It seems that every consumer level scope has issues of one kind or another and you need to be confident you can deal with the problems of a particular design.
26-05-2012, 10:08 PM
Ok thank you. what is the difference between collimating the GSO RC, SCT and a newtonian. Is it that on the SCT design you cant use a laser the same way you would on a newt? What about optical quality of the GSO? Thanks.
26-05-2012, 11:27 PM
The best tool I've found for basic collimation of the RC10 is the Takahashi collimating scope. It gets you pretty close then you can collimate on an out of focus star to get really precise. It's not that difficult.

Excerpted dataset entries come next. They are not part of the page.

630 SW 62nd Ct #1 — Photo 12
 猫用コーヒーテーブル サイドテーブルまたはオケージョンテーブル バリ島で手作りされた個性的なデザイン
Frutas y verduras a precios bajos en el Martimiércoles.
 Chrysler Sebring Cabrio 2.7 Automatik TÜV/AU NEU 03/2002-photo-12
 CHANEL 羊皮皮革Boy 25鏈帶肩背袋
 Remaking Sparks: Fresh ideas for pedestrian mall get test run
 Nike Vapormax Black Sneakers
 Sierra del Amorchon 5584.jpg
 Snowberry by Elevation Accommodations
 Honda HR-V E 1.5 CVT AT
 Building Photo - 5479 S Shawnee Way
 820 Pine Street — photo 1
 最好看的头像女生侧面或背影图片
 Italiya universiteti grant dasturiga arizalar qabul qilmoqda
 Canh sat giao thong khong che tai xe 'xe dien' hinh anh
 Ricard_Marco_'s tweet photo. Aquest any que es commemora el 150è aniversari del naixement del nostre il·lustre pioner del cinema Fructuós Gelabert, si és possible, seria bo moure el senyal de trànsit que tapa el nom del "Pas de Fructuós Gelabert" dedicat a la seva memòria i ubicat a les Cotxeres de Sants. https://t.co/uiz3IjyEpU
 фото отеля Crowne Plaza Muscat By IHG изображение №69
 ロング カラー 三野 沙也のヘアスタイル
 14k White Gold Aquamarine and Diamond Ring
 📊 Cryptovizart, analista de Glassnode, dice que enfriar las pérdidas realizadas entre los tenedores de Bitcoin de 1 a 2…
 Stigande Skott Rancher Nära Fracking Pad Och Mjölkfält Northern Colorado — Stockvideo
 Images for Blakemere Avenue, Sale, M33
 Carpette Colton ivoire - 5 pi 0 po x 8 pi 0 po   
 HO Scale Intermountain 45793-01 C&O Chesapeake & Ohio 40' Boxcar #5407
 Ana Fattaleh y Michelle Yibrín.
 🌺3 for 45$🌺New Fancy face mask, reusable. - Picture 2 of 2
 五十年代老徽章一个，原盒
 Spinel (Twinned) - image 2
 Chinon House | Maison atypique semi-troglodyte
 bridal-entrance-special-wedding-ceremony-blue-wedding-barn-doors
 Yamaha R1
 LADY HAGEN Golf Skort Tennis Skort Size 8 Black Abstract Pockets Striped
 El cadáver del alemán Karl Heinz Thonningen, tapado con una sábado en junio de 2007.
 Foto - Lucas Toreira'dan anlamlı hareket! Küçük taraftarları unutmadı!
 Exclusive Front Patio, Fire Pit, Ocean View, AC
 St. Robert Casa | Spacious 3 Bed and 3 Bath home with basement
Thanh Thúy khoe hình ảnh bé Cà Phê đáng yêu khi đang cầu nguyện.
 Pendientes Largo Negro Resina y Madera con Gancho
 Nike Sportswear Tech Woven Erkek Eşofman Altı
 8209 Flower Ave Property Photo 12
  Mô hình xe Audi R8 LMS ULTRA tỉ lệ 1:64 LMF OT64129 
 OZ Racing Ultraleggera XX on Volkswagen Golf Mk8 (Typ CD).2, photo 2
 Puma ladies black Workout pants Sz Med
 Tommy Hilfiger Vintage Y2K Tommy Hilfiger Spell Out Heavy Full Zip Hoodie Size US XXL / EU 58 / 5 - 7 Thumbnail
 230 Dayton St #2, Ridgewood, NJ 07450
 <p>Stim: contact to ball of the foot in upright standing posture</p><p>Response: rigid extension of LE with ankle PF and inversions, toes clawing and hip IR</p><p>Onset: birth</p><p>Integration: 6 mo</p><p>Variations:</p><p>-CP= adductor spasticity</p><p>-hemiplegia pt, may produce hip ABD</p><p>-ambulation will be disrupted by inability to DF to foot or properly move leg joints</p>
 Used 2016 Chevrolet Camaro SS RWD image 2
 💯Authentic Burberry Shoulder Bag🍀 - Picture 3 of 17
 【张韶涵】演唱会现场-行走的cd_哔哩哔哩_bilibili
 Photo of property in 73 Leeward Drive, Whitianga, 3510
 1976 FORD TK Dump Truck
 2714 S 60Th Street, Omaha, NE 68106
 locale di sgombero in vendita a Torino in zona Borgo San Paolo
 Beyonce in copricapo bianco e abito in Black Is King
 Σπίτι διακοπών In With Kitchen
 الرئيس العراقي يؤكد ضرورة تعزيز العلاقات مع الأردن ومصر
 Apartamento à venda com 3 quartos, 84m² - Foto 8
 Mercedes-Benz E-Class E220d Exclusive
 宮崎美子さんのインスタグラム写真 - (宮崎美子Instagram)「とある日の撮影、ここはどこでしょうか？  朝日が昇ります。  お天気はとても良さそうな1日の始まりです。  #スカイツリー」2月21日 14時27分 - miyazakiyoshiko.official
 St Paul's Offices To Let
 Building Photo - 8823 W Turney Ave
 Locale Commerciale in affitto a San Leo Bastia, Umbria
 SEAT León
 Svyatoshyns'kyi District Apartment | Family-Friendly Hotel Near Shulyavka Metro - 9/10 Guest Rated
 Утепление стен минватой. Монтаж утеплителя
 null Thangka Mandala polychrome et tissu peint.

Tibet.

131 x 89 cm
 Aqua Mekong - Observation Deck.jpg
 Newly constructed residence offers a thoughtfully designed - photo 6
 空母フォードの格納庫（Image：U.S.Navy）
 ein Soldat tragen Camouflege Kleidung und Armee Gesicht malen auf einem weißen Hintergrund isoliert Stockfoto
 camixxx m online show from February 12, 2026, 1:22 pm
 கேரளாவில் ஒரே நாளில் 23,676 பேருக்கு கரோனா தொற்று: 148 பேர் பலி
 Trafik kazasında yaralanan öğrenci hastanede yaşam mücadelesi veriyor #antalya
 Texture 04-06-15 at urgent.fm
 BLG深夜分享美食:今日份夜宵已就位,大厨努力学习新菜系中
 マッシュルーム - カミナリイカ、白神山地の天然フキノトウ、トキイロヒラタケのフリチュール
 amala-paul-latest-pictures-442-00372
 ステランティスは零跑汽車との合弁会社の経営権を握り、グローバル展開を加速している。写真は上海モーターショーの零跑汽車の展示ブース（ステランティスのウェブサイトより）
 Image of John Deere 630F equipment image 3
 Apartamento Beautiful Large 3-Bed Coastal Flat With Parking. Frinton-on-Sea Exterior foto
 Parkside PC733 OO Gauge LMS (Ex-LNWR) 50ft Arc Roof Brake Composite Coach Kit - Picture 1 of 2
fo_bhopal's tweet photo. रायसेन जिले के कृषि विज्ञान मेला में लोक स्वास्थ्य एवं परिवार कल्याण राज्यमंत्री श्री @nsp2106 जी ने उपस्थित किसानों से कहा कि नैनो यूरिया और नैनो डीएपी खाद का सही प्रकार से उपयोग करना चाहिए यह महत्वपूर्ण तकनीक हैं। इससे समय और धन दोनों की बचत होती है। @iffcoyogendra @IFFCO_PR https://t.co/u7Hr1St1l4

I'm happy with the results I'm getting from mine. The optics seem quite reasonable and it is great bang for the buck. There's an example of an image I took last weekend here: http://www.iceinspace.com.au/forum/showthread.php?t=91216
You might find accurate guiding tricky unless you use an off axis guider. There are people using guide scopes but it takes some work to get rid of flexure.
27-05-2012, 11:11 AM
From the "care and feeding" brochure for the RC's, you should rarely if ever have to adjust the primary. They give very in depth and precise instructions on adjusting the secondary.
I used an auto-collimator to check my new RC and it did the job nicely. :)
You can download the brochure from here.
27-05-2012, 11:29 AM
The GSO RC scopes are no more difficult to collimate than your average SCT, easier in fact as you don't have to deal with a moving mirror. Just point it at a bright star and off you go.
27-05-2012, 11:30 AM
Generally the secondary is the only element that needs adjusting on a SCT and collomation is done either on an artificial star or real star - rough collimation is quick to achieve then it's a matter of little tweaks to get the first diffraction ring even all the way around for perfect collimation. You can't use a laser for SCT collimation. Then there's the issue of getting the scope cooled; the vents on the EdgeHD help with cooling or you can use a Lymax cooler for a Meade.(there are other methods too).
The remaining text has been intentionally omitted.